Oral squamous cell carcinoma (OSCC) is the most common malignancy of the oral cavity. Previous studies have suggested that C-Type Lectin Domain Containing 7A (CLEC7A) could affect human cancer progression by regulating M2 macrophage polarization. However, the role of the molecular mechanism of CLEC7A involved in OSCC progression is poorly defined. GEPIA database was used to analyze CLEC7A and specificity protein 1 (SP1) expression, and the relationship between CLEC7A and M2-type macrophage markers (CD163 and MRC1). CLEC7A and SP1 levels were determined using real-time quantitative polymerase chain reaction (RT-qPCR). CLEC7A, SP1, RHOA, RAC1, E-cadherin, and Vimentin protein levels were detected using western blot. Cell proliferation, apoptosis, migration, and invasion were detected by Colony formation, flow cytometry, and Transwell assays. The proportion of CD11b(+)CD86(+) positive cells was detected using flow cytometry. Binding between SP1 and CLEC7A promoter was predicted by JASPAR, and validated using Chromatin immunoprecipitation (ChIP) and dual-luciferase reporter assays. The biological role of SP1 on OSCC tumor growth was examined by the xenograft tumor model in vivo.
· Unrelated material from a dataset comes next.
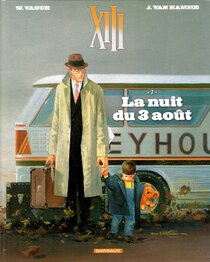 La Nuit du 3 août - more original art from the same book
CLEC7A and SP1 expression levels were increased in OSCC tissues and cell lines. Furthermore, CLEC7A deficiency could repress OSCC cell proliferation, migration, invasion, M2-type macrophage polarization, and induce cell apoptosis in vitro, as well as hinder tumor growth in vivo. At the molecular level, SP1 was a transcription factor of CLEC7A and promoted CLEC7A transcription via binding to its promoter regions. SP1-activated CLEC7A could facilitate OSCC cell malignant behaviors and M2 macrophage polarization, providing a possible therapeutic target for OSCC treatment. SUPPLEMENTARY INFORMATION: The online version contains supplementary material available at 10.1007/s10616-025-00787-7.